Drug smuggling submarines. There was the court case of El Chapo and his IT guy testified about how he requested everyone's phones to be bugged. Also a secure comm network built for his organization, that then ended up bringing him down, because the IT guy folded (the FBI made a deal with him), etc.

Also you could learn a lot about tunnel building, and tunnel detection.


The crime syndicate scenario would be actually better because unlike advertisers, they actually provide (illegal) products such as drugs that have demand. I can give you examples of people happily buying drugs, but I’m not sure I could ever find someone who’d be willing to look at ads/spam voluntarily, let alone pay to do so.

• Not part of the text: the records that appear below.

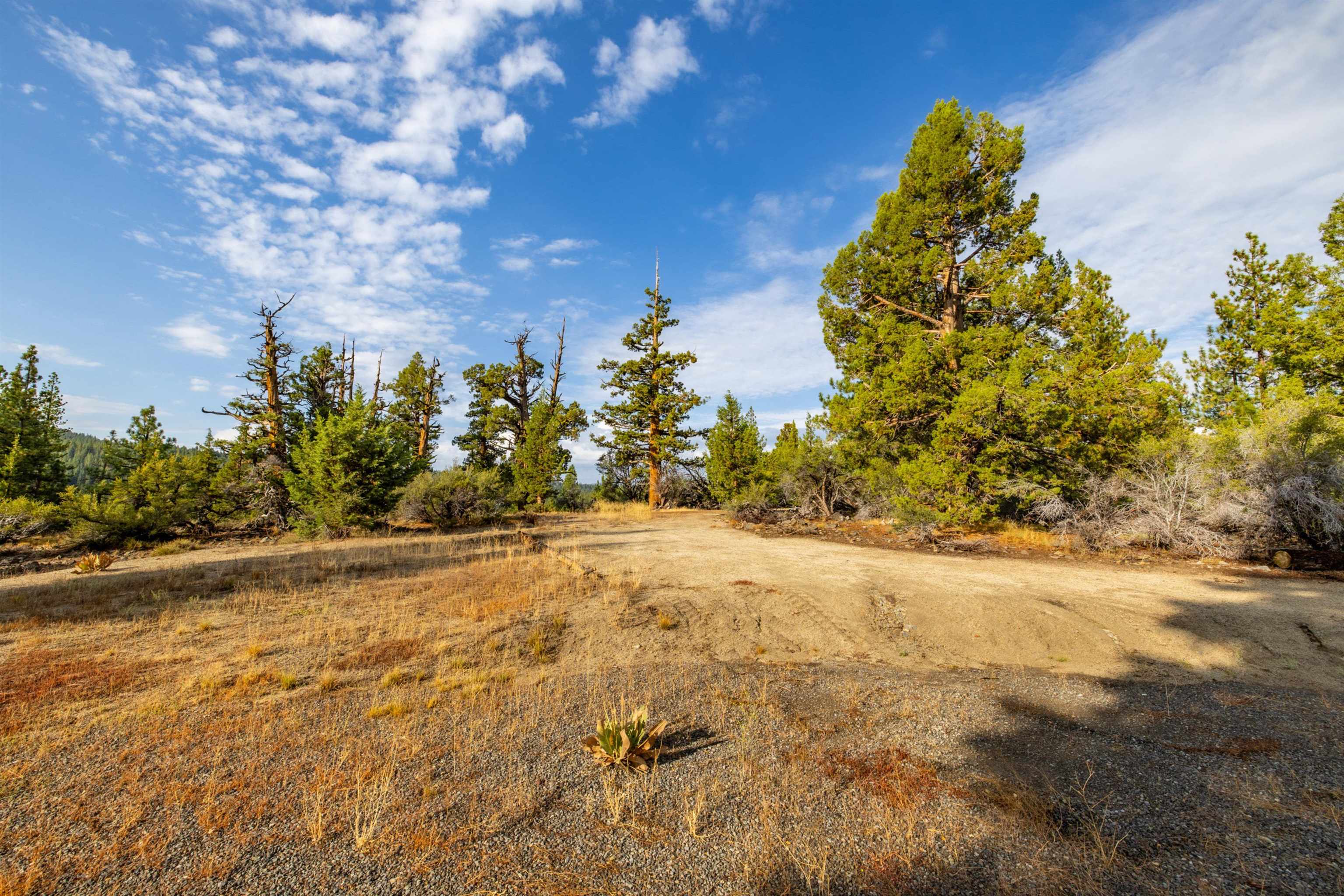 17545 Close Call Ridge Truckee, CA 96161 - Photo 11 of 28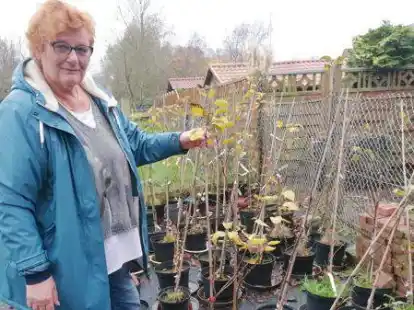 Engagiert sich f&uuml;r den Erhalt alter und seltener Obstbaumsorten: Insa Lottmann, hier in ihrem Obstbaum-Kindergarten in Harsweg.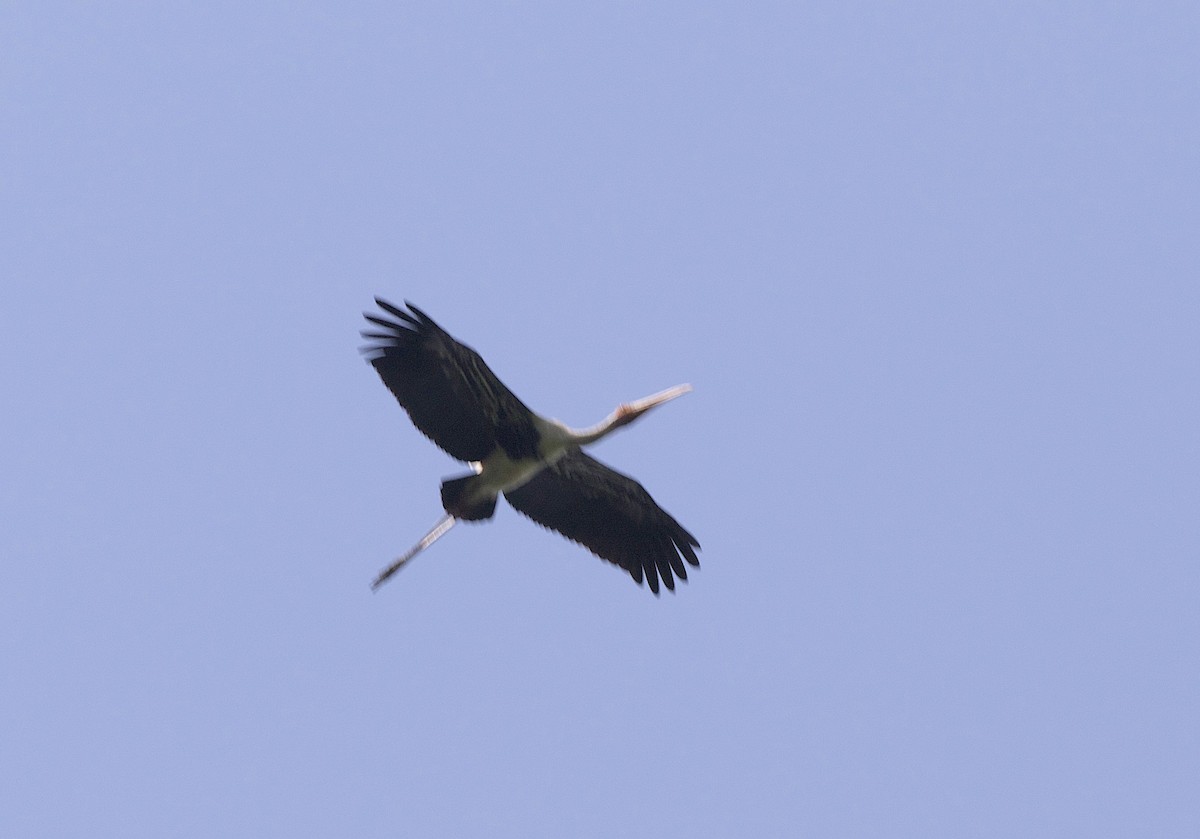 Painted Stork - ML609872784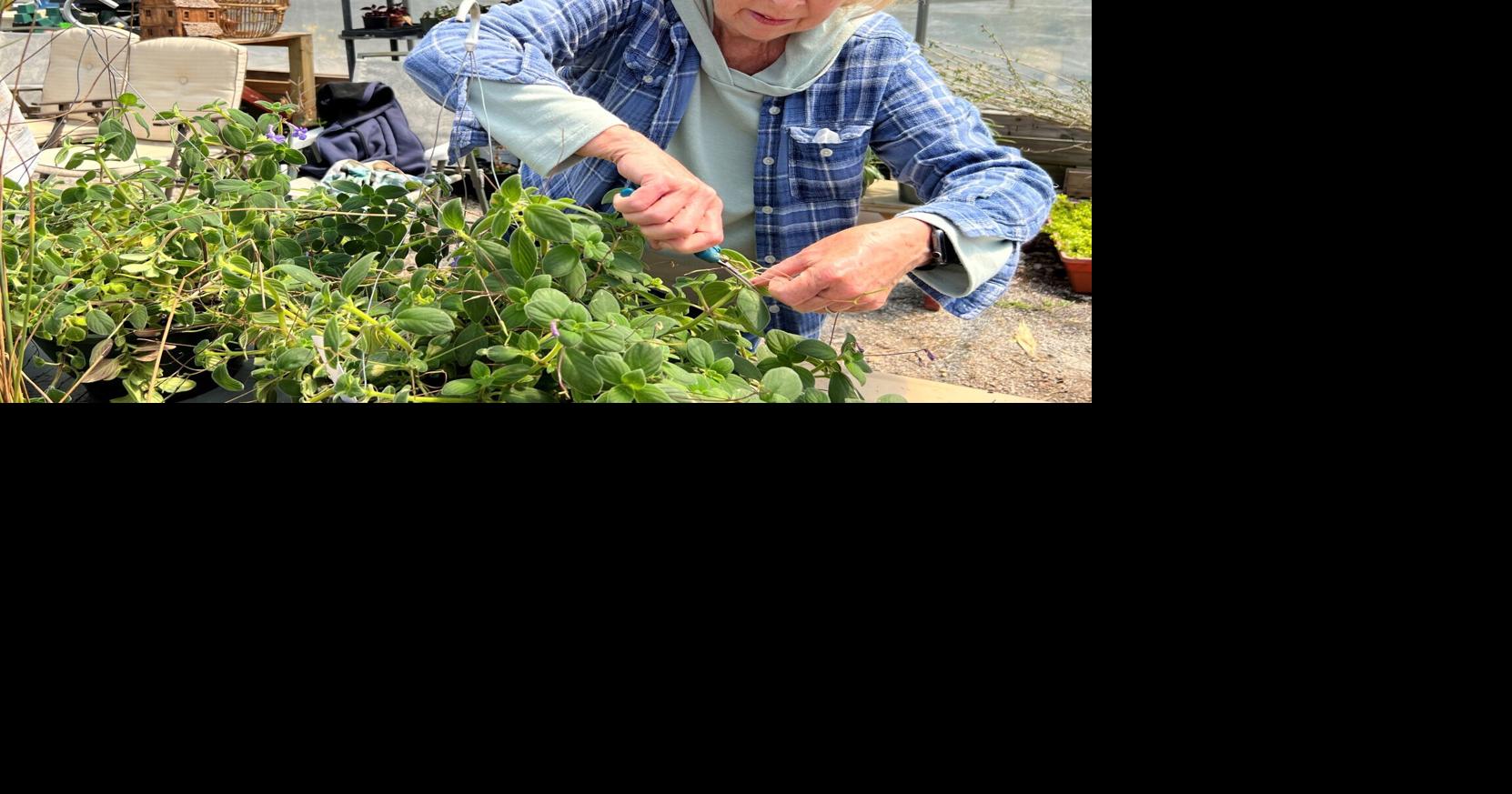Growing home vegetables remains popular for Master Gardener members ...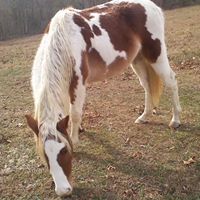 Linda Moats Photo 21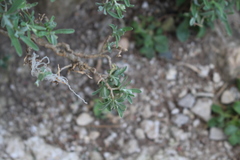 Hormathophylla spinosa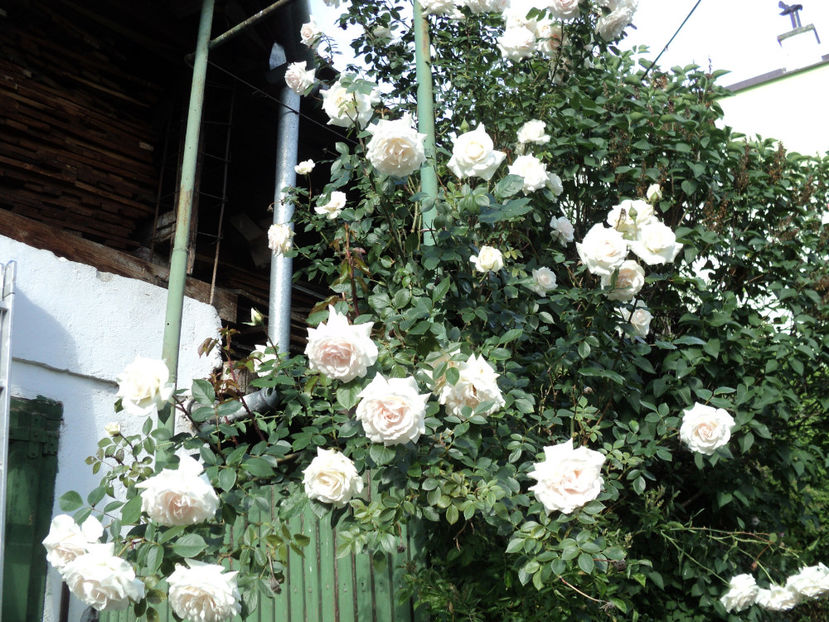 27 mai 2020 - Ilse Krohn superior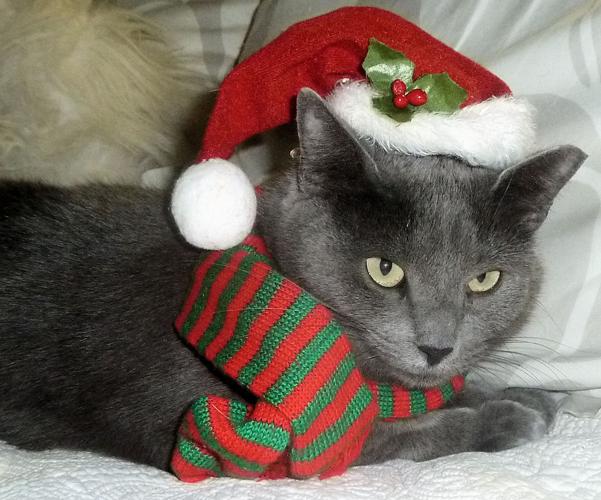 Adopt A Friend: Cutie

Ads aren’t crime and ads aren’t universally net negative.


Depends. Google's real-time bidding is being investigated under GDPR.

https://www.cnbc.com/2019/05/22/irish-data-privacy-watchdog-...


The Best Minds of My Generation Are Thinking About How To Make People Click Ads (or serve them efficently)


Take a look at finance / trading. Things are even worse over there, but they don’t blog about it.


Used to be a semi-professional poker player, which seems to have a high crossover with finance/trading types for obvious reasons. I enjoyed the debates, but sometimes it was a bit overwhelming how everyone had convinced themselves that they were magically providing a ton of value to the world and that's why they were filthy rich. Also the massive intelligence that seemed to only work when applied in one domain. Didn't mind taking their money, but never pretended I was providing society a useful function while doing so. :)


At least finance/trading doesn’t try to stalk me and waste my time day to day, unlike advertisers.


I kind of like that some of the money from this industry is resulting in learnings and improvements to open source.

Found this article great, not many places to see 5m req/s, let alone on a single node.

I'm really interested in hearing more about those databases!